◆ **What to produce**: In the listing below, the answer starts at the line that has "SKETCHED COCOA - SPECIAL" and stops after the line that has "Cute Rainbow with"; please repeat that part exactly and nothing more.

*** Exercise inputs Section Begins ***

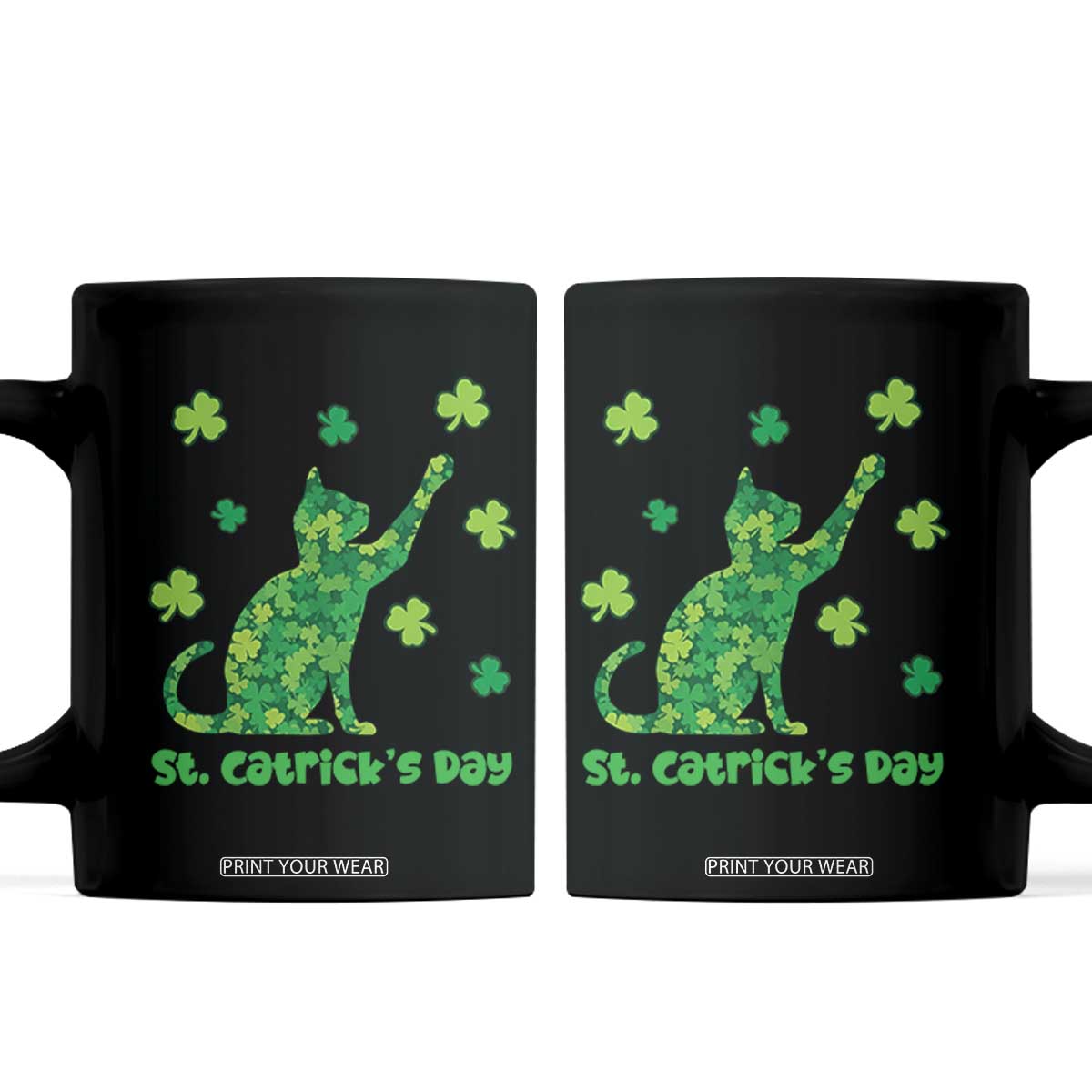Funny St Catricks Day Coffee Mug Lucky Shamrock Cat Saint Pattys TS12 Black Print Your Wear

*** Exercise inputs Section Ends ***
*** Exercise inputs Section Begins ***

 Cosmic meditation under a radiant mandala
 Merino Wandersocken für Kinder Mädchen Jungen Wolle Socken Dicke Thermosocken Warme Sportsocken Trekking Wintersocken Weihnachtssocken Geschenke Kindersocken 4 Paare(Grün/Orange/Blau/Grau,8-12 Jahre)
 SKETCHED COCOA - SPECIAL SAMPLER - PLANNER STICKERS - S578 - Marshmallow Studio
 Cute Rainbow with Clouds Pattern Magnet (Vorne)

*** Exercise inputs Section Ends ***

◆ **Expected output**:
 SKETCHED COCOA - SPECIAL SAMPLER - PLANNER STICKERS - S578 - Marshmallow Studio
 Cute Rainbow with Clouds Pattern Magnet (Vorne)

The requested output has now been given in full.